• [Problem to solve] Without the pictures, can you quote each line below exactly?

• [Data records]
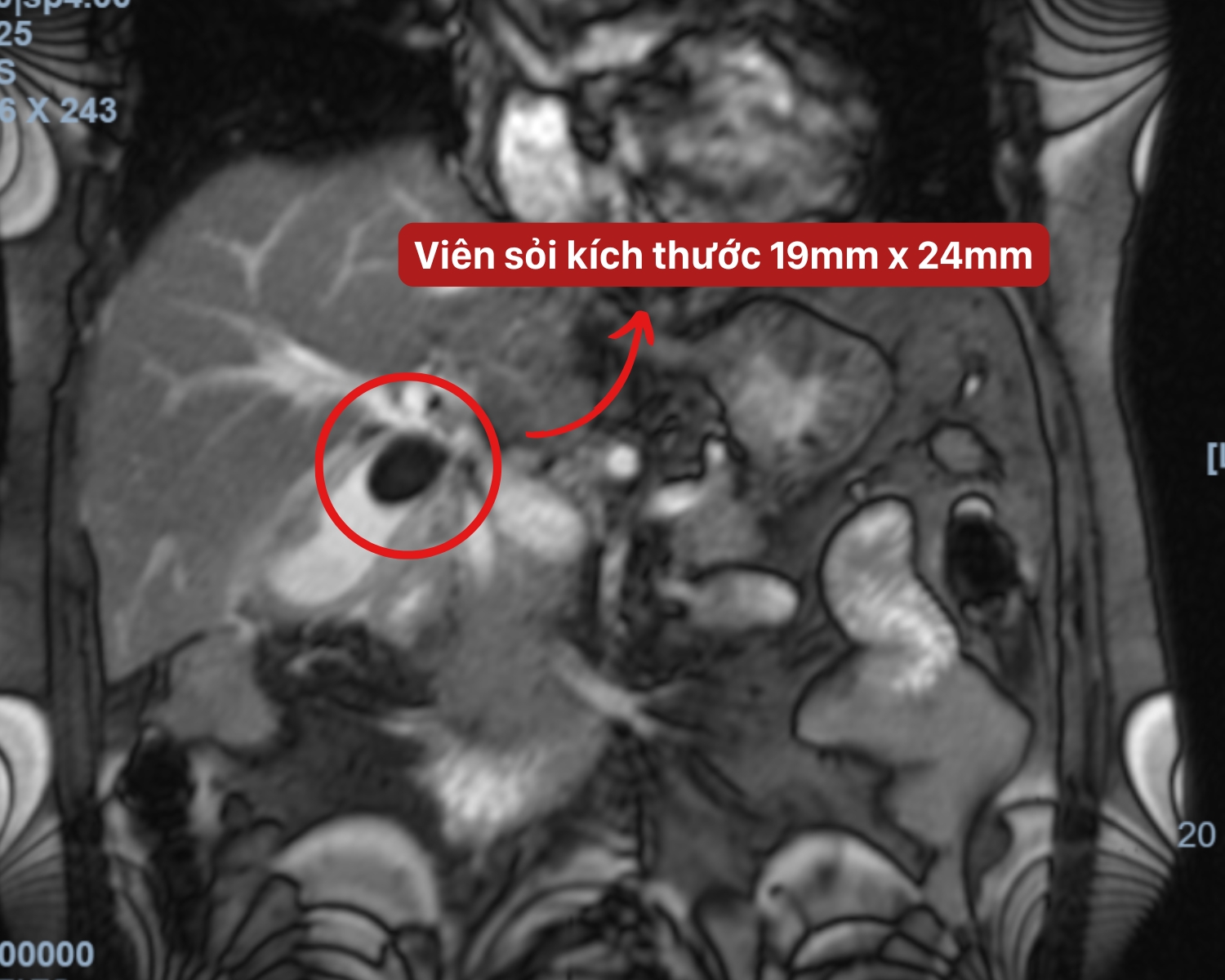 Viên sỏi 2.4 cm gây hoại tử túi mật
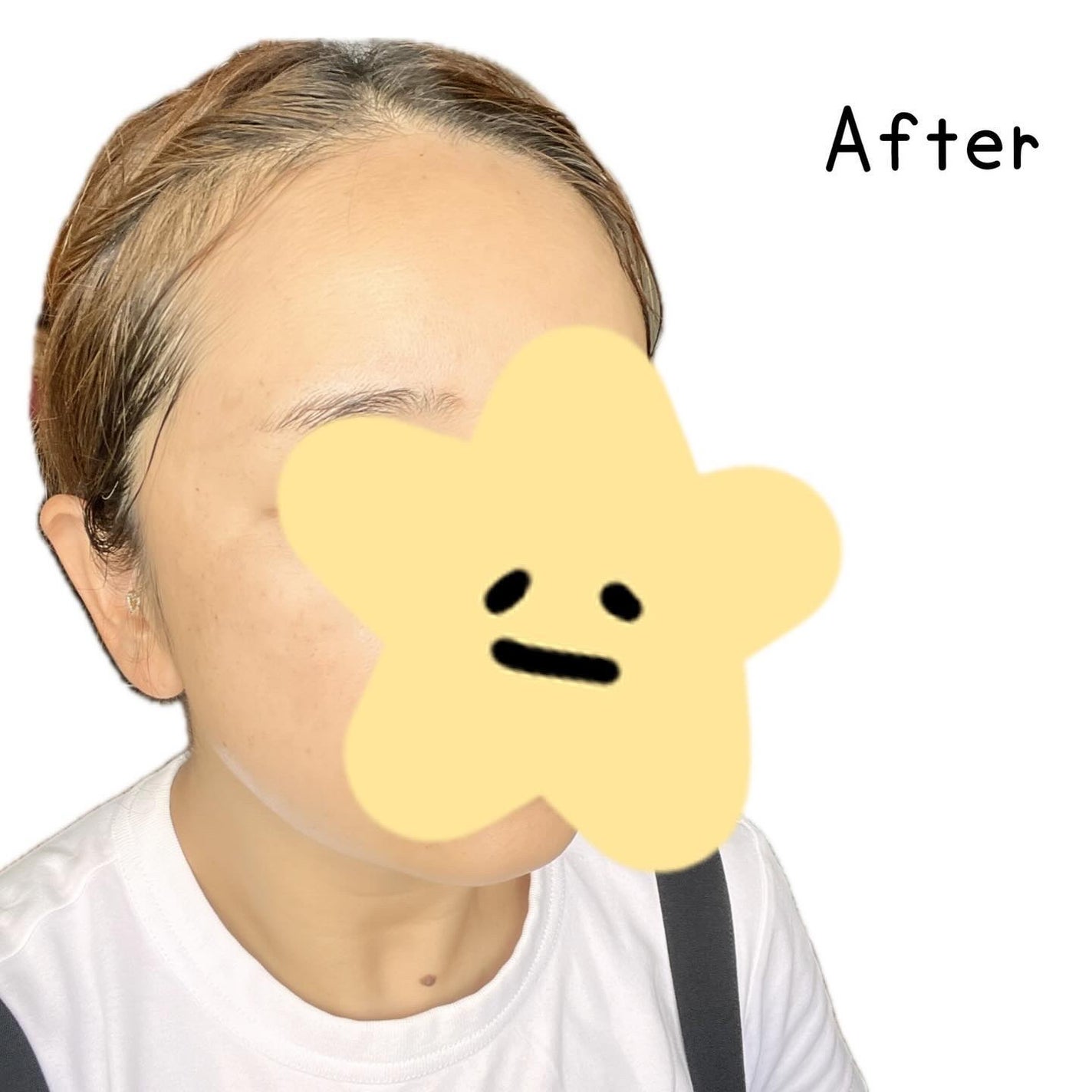 ABC-Gピールウォッシュ/ドクターケイ/泡洗顔を使ったクチコミ(3枚目)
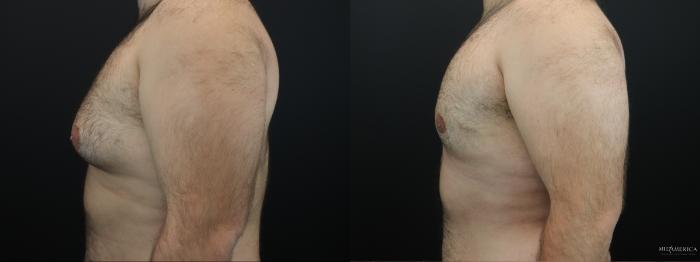 Before & After Gynecomastia Case 263 Left Side View in St. Louis, MO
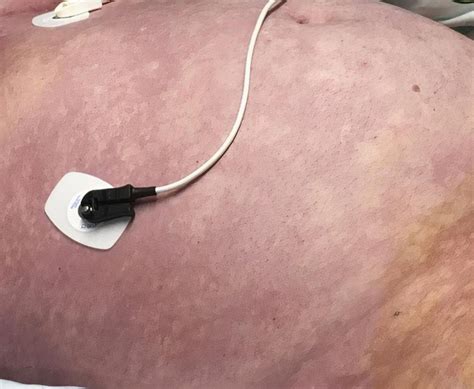 Waterhouse Friderichsen Syndrome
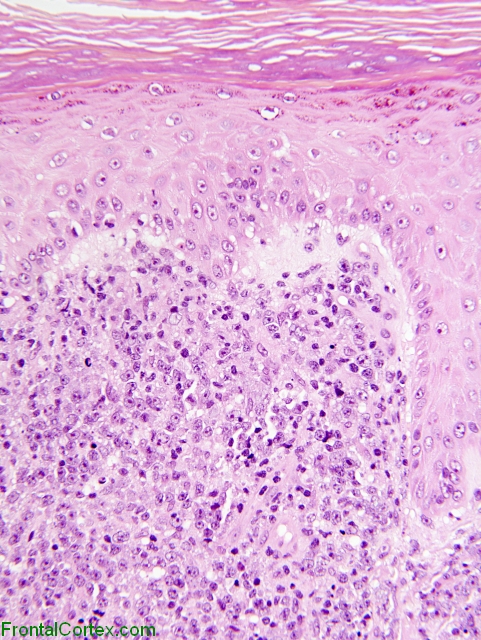 Large B-cell Lymphoma Leg, H&E stained section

• [Finished task]
 Viên sỏi 2.4 cm gây hoại tử túi mật
 ABC-Gピールウォッシュ/ドクターケイ/泡洗顔を使ったクチコミ(3枚目)
 Before & After Gynecomastia Case 263 Left Side View in St. Louis, MO
 Waterhouse Friderichsen Syndrome
 Large B-cell Lymphoma Leg, H&E stained section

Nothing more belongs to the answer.